The Stoning of Soraya M., an impassioned, American-financed drama, is in service to the filmmakers' opposition to the religiously sanctioned stoning of inconvenient or insubordinate Muslim women in Iran and elsewhere. So far, so good. However, the film is a classic case of preaching to the choir, since it's doubtful the film will reach many of the minds that need changing.
The film is based on a true incident written about in 1994 by novelist and journalist Freidoune Sahebjam. The incident he recorded occurred approximately 20-25 years ago.
The most discouraging thing about The Stoning of Soraya M. is its splatter-film ethos, which is vividly on view throughout the last quarter of the nearly two-hour movie. Granted, the title says it all: A stoning will occur; about that there is no suspense. But as Soraya M.'s (Mozhan Marnò) half-buried body arches back and then bobs forward like a battered punching bag with each stone thrust to her forehead - her fresh, red blood all the while contrasting with the parched, dusty landscape - viewers also experience this protracted agony and begin to crave blessed release.
Not since 2004's The Passion of the Christ have we seen such an explicit and sustained assault on the flesh in a nonhorror film.

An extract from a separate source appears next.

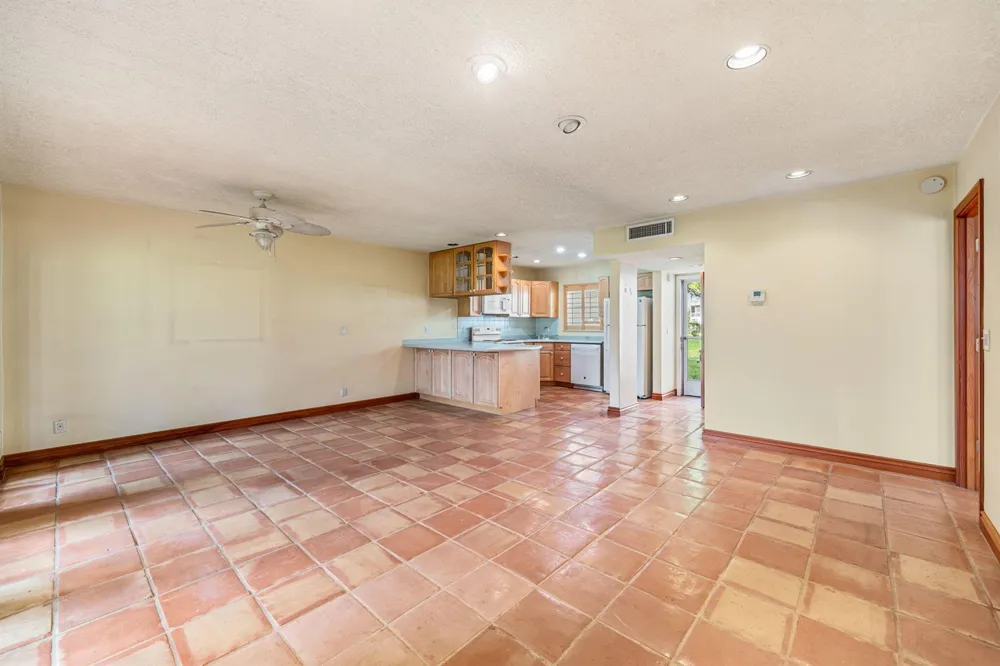 752 Lori Drive #219 Palm Springs, FL 33461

Coincidentally, starring in that earlier film as the crucified title character was James Caviezel, who co-stars in The Stoning as the journalist whose car breaks down in a godforsaken Iranian village and who remains there long enough to uncover its secrets.

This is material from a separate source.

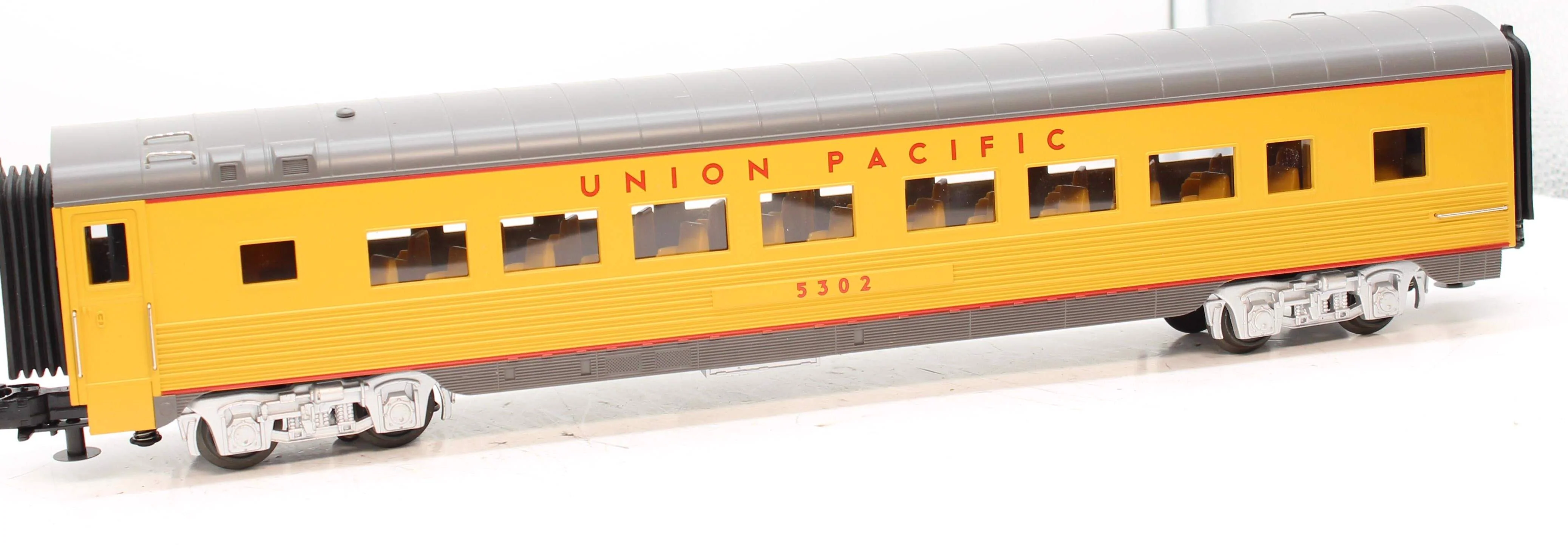 MTH Railking 30-67737 Union Pacific UP 60' Streamlined Coach Car O SCALE Like New Damaged Box - Image 9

Until the ritual stoning starts in the film's last 30 minutes, there are many segments of ethnographic interest as we are given entrée to Muslim women's often hidden world behind the chador, and the piece also provides work for many compelling Iranian-born actors. Still, the melodrama is marred by stark distinctions between good and evil, an overly simplistic kind of dramaturgy.
Rather than increasing sympathy for the plight of women living under the ironclad rule of paternalistic theocracies, The Stoning of Soraya M. is more likely to incite Western antipathy toward the Islamic faith. It is possible to support the journalistic ideal that no stoning should be left unturned while also championing better storytelling.